L'esclavage moderne sévit jusqu'au Grand-Duché
L'esclavage moderne sévit jusqu'au Grand-Duché
(pj avec Rosa Clemente) Ils sont à la recherche d'une vie meilleure. Au lieu de cela, les voilà dupés par des parents, de supposés amis ou même de parfaits étrangers. Ainsi, près de 21 millions de personnes dans le monde et environ 60.000 en Europe sont exploitées d'une manière ou d'une autre. Le Luxembourg n'échappe pas à ce triste constat. Selon le dernier rapport de la Commission des Droits de l'Homme, entre 2017 et 2018, 31 victimes de traite des êtres humains ont été dénombrées au Grand-Duché.
Sur ces onze hommes, 18 femmes et deux mineurs, seules sept des victimes étaient originaires d'un pays membre de l'UE (Roumanie en tête). Pour les autres cas recensés, les 24 personnes avaient vu le jour en Albanie, en Chine et en Inde (deux). Mais nul doute que ces chiffres ne reflètent qu'une partie de la réalité. L'assistante sociale et responsable du Service d'assistance aux victimes de la traite des êtres humains (Savteh) en convient : «Beaucoup parmi les personnes exploitées ne connaissent pas leurs droits et ne cherchent pas non plus à obtenir de l'aide. Même la société remarque rarement leur souffrance».

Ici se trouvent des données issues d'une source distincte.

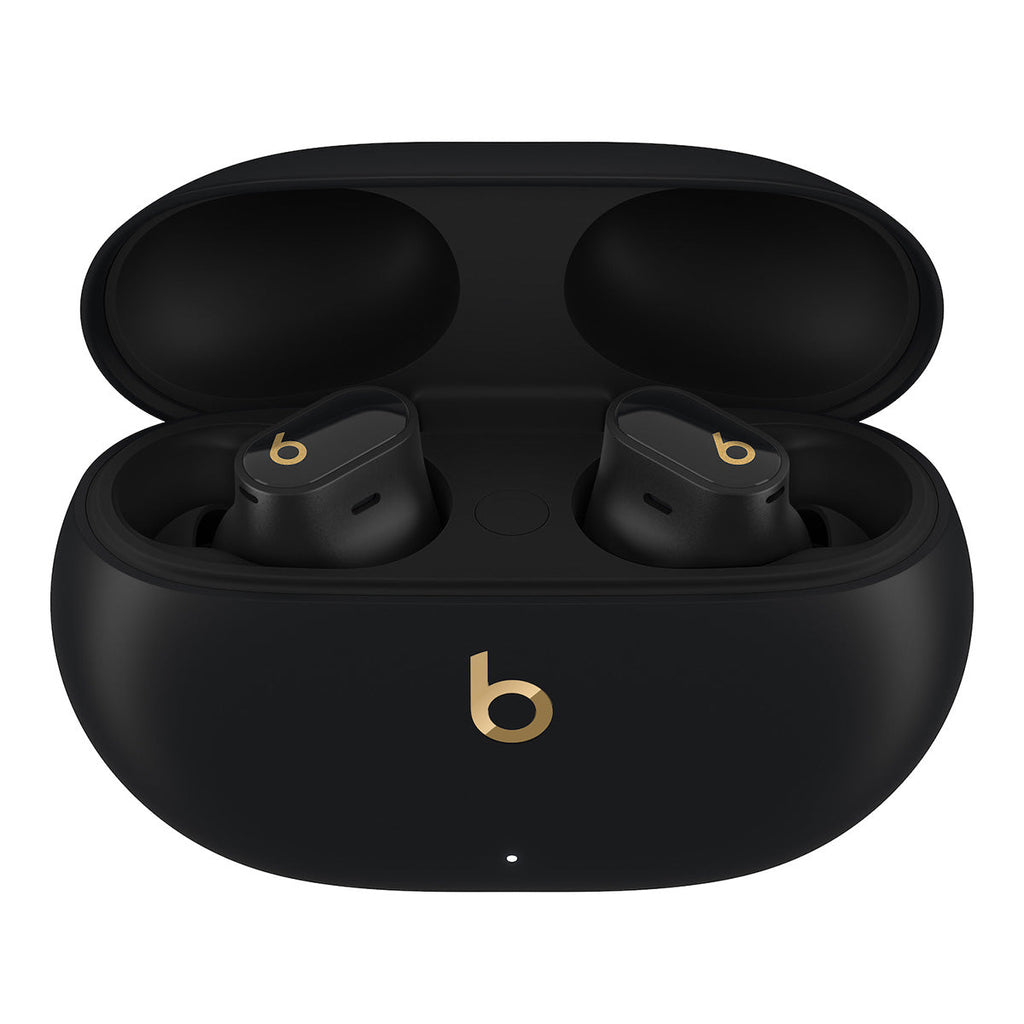 Beats Studio Buds +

Avec un psychologue et un travailleur social du Service Coteh -autre service d'assistance- ils forment actuellement le seul centre de soins luttant contre la traite des êtres humains au Luxembourg. Et pour des raisons de sécurité, nul ne souhaite donner son identité. C'est qu'ici il est question d'exploitation, de prostitution, de logements indignes, de salaires de misère: des faits hautement répréhensibles. Un esclavage moderne dont les victimes se retrouvent le plus souvent sous l'emprise de leur bourreau.
Début février, un couple de Rumelange comparaissait ainsi pour avoir exploité une nièce, alors mineure, comme main-d'œuvre bon marché. La jeune fille, venue de Guinée-Bissau pour vivre avec sa tante au Luxembourg depuis 2015, devait occuper tout son temps libre aux enfants du couple et à des tâches ménagères. Et c'est auprès d'un de ses professeurs que la demoiselle, épuisée, a osé se confier. Police, justice et au final la tante et son partenaire ont été condamnés en première instance à 42 et 36 mois de prison avec sursis. Ils devront également verser à leur souffre-douleur une indemnisation pour le préjudice subi.

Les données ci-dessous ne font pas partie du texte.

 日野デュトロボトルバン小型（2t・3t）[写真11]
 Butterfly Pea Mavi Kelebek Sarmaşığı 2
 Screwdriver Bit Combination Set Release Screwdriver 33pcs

Malheureusement, toutes les affaires ne sont pas portées devant les tribunaux. «Notre équipe n'est d'ailleurs pas assez étoffée pour rechercher activement des victimes présumées dans certains endroits. Nous devons compter sur le travail de la police et des travailleurs sociaux mais aussi sur l'attention des citoyens pour remonter les éventuels cas», explique le responsable de la Coteh.

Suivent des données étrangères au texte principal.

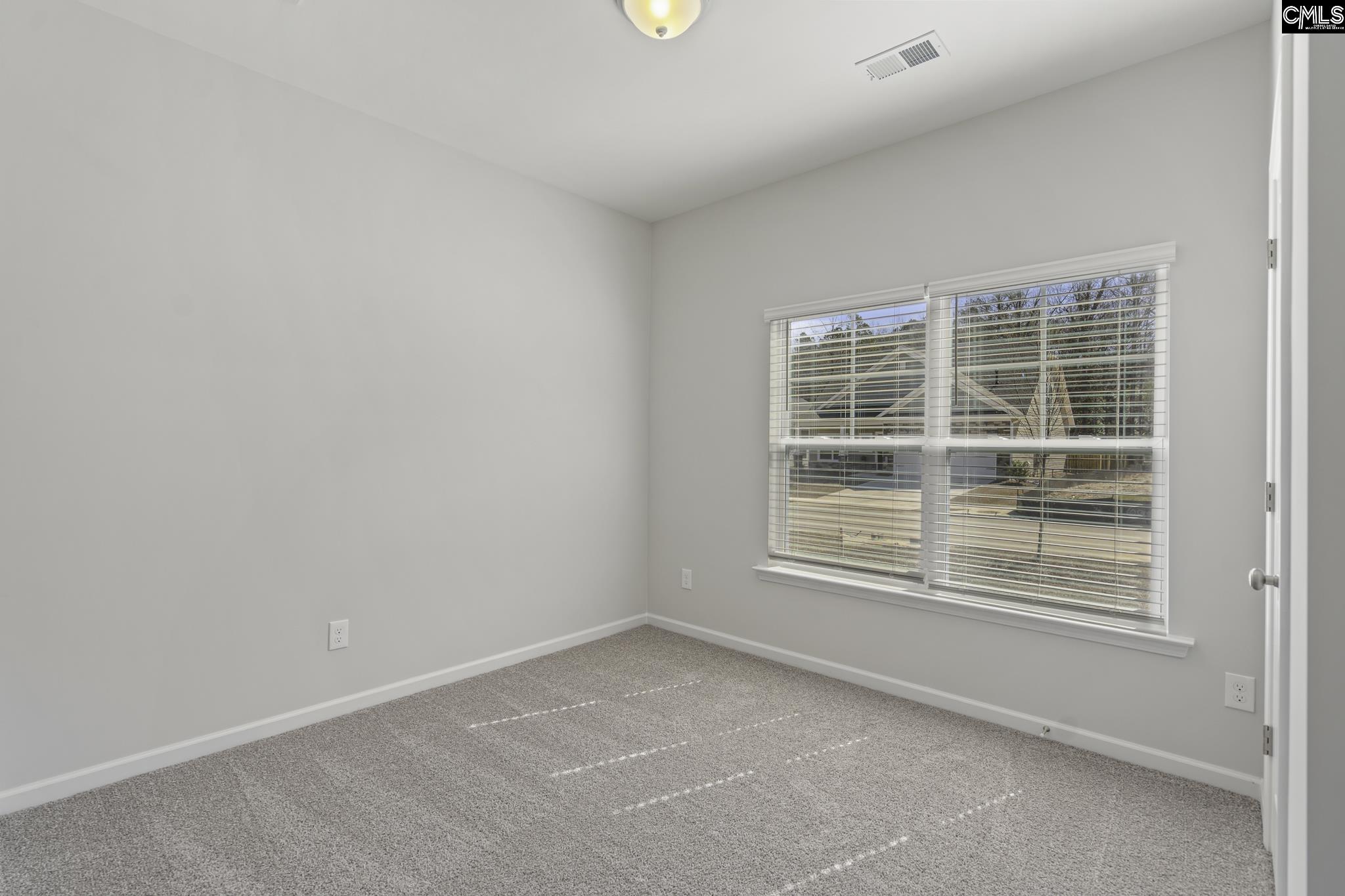 LOT 3 213 Boseman Road Irmo, SC 29063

L'an passé, l'équipe Savteh/Coteh a pris 24 personnes sous son aile. Huit d'entre elles étaient déjà des victimes identifiées, sept n'ont été identifiées qu'en 2019, et neuf étaient encore des victimes présumées. «Il s'agissait principalement de personnes travaillant dans le secteur de la construction, dans la restauration ou dans des ménages privés. La prostitution ne concernait que peu de monde parmi cet effectif.»
Le plus souvent, les victimes avaient été attirées au Luxembourg par de fausses promesses. Etrangers en situation irrégulière, travailleurs saisonniers, réfugiés et leurs proches : voilà les profils les plus souvent exploités. Autrement dit, des hommes, des femmes, des enfants ignorant leurs droits et n'ayant pas de connaissance pour se défendre.
Une fois prises en charge par les anges gardiens de Savteh et Coteh, les abusés sont avant tout relogés en foyers ou autres établissements coopérant avec les services. Chaque adulte peut alors percevoir une aide financière de 336€ par mois et bénéficier d'une prise en charge psychologique et médicale ainsi qu'un soutien juridique. «Notre objectif est de stabiliser psychologiquement ces personnes, pour la plupart marquées par la peur et souvent traumatisées. Nous les informons de leurs droits, les soutenons dans leurs relations avec la police et le ministère public. Nous les encourageons à redevenir sûres, autonomes et libres», décline le responsable de la Coteh.
Un travail délicat, d'autant qu'avant la tenue du procès plusieurs longs mois peuvent filer. La procédure entière prend ainsi souvent jusqu'à trois ans. «Trop long», tempêtent les experts de la question de la traite d'êtres humains. «Il existe encore de nombreux obstacles administratifs et juridiques limitant notre travail social», regrette l'équipe.